Aquinas’s writings on the matter in the Summa Theologiae did much to conflate the meaning of the two days and ultimately dismiss observance of the original, biblical Sabbath. Since the seventh century, according to Bible scholar Andrew T. Lincoln, there had been “the attempt to give this idea of rest for worship on the Lord’s Day a theological rationale and to make it mandatory on a biblical basis.” It was Aquinas, however, who established “the first full-scale theological justification of Sabbath transference” (From Sabbath to Lord’s Day).
In the Summa Theologiae, Aquinas first delineates potential lines of thought antithetical to the Sabbath in four “objections,” which he proceeds to deconstruct and deny. His first line of reasoning is that the Decalogue (the Ten Commandments), is not only divinely given but also in keeping with an underlying natural law.
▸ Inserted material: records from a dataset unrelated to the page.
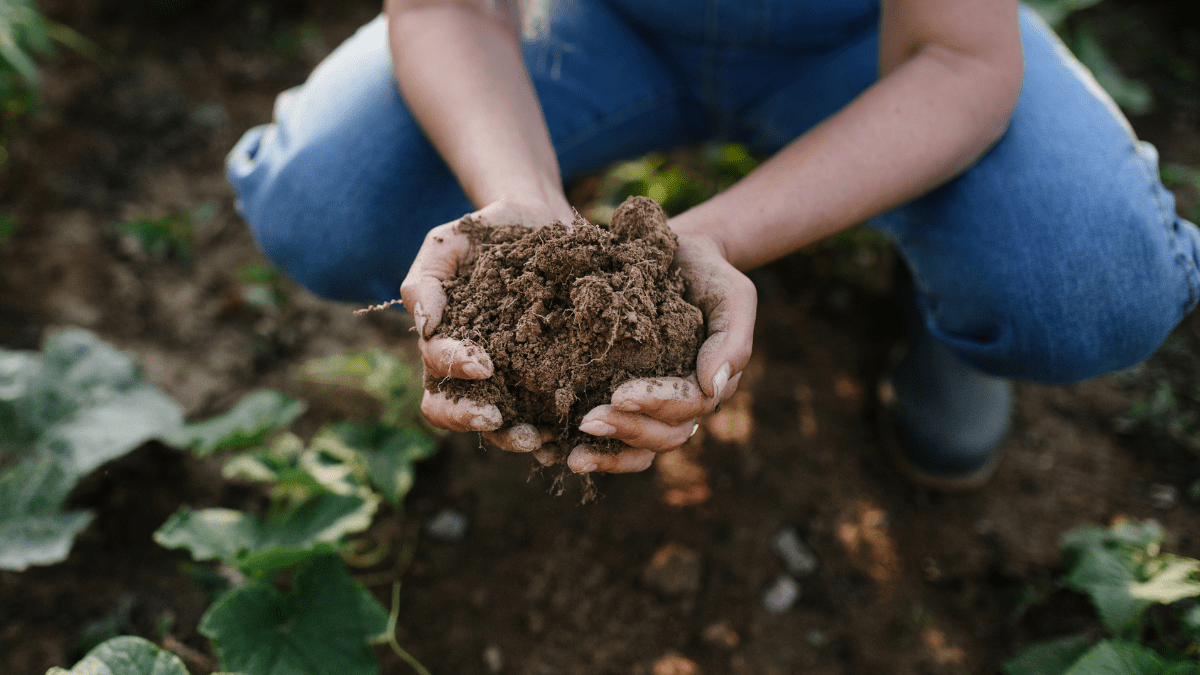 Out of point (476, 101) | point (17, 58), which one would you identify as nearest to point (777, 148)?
point (476, 101)

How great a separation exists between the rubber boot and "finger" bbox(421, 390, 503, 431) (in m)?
1.41

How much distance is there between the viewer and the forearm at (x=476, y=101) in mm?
1387

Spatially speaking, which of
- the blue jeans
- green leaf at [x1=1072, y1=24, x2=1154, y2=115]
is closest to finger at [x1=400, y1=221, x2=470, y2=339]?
the blue jeans

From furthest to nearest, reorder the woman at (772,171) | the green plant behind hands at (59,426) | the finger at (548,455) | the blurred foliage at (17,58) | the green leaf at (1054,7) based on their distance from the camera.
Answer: the green leaf at (1054,7) → the blurred foliage at (17,58) → the green plant behind hands at (59,426) → the woman at (772,171) → the finger at (548,455)

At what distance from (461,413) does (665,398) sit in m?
0.34

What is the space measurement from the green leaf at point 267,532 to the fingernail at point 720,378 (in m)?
0.87

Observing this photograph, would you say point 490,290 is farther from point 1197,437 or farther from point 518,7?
point 1197,437

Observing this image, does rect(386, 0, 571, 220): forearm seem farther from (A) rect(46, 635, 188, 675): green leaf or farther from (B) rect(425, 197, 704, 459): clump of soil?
(A) rect(46, 635, 188, 675): green leaf

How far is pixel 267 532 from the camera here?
1546mm

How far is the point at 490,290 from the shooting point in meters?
1.18

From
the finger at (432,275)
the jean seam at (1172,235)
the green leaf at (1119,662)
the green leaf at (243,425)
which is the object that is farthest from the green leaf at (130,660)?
the jean seam at (1172,235)

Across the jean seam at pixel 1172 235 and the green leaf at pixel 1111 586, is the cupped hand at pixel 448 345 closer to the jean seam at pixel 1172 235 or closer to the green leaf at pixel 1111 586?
the green leaf at pixel 1111 586

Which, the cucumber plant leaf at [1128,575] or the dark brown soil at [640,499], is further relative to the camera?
the dark brown soil at [640,499]

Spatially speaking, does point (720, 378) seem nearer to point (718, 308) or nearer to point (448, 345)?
point (718, 308)
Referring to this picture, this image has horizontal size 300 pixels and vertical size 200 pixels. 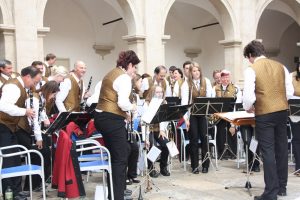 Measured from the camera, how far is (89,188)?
6.29 m

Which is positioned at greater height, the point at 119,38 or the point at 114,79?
the point at 119,38

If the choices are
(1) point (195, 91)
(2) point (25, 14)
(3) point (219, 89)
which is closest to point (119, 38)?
(2) point (25, 14)

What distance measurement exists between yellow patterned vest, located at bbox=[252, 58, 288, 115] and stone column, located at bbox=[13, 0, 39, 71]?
6.70 m

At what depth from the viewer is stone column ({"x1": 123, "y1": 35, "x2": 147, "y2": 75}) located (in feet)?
40.5

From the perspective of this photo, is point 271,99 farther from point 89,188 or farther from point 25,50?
point 25,50

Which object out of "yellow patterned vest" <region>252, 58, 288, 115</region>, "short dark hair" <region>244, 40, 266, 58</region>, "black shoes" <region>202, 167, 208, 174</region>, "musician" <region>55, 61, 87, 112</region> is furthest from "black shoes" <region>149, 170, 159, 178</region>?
"short dark hair" <region>244, 40, 266, 58</region>

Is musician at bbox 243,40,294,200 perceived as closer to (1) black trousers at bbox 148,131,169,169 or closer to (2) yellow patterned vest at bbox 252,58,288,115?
(2) yellow patterned vest at bbox 252,58,288,115

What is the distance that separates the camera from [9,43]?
1005 cm

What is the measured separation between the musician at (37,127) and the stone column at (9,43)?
4.41 m

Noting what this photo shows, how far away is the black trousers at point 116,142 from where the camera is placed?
15.9 ft

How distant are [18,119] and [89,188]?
158 centimetres

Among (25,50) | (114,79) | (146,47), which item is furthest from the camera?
(146,47)

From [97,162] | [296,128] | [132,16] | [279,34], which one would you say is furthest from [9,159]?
[279,34]

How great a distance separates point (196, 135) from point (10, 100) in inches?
130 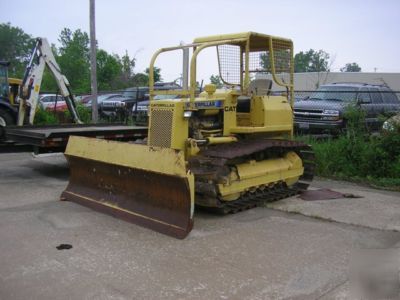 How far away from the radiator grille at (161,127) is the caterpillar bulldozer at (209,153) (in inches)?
0.6

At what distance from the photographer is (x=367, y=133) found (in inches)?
408

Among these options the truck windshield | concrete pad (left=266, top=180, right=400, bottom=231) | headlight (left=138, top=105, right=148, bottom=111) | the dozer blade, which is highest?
the truck windshield

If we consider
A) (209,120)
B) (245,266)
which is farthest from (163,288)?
(209,120)

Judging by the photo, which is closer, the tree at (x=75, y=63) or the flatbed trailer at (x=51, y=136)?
the flatbed trailer at (x=51, y=136)

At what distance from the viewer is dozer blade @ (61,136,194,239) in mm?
6094

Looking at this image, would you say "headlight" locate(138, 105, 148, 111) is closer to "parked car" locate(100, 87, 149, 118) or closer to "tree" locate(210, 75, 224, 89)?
"parked car" locate(100, 87, 149, 118)

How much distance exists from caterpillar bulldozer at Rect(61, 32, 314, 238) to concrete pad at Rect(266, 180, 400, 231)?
1.56ft

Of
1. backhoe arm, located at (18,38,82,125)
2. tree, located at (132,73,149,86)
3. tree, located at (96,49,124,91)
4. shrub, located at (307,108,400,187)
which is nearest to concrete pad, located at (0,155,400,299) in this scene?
shrub, located at (307,108,400,187)

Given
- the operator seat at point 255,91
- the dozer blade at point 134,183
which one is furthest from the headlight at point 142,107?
the operator seat at point 255,91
Therefore the Sabbath instruction was not only as important as any of the other commandments but also, critically, a principle that could be discerned from rational inquiry and therefore not fully subject to divine revelation. This was a thoroughly Aristotelian line of reasoning. The critical aspect is that Aquinas dealt with the biblical Sabbath and the Lord’s Day as one and the same. The implication was that the principle of a day of rest was important, but that the choice of day was not.
It was, in effect, a fudging of the terms, a sideways discussion of one aspect that in its process conflated and equated the Sabbath with the Lord’s Day. He appeared to give support for the biblical commandment while replacing its primary aspect—that it be observed on the seventh day—with pagan-derived Sunday worship. Subsequently it was easy, as a result, to dispense with one rest day (as two were redundant), and the “too Jewish” Sabbath was the obvious loser.
The influence of Aquinas’s writing is powerfully evident today, not least in this issue. The majority of conventional Christianity observes Sunday while dismissing the seventh-day Sabbath as strictly Jewish. Aquinas’s reasoning in such matters represents an important pivot in the shifting of Christianity from God’s basic truths as revealed in His Word, the Bible.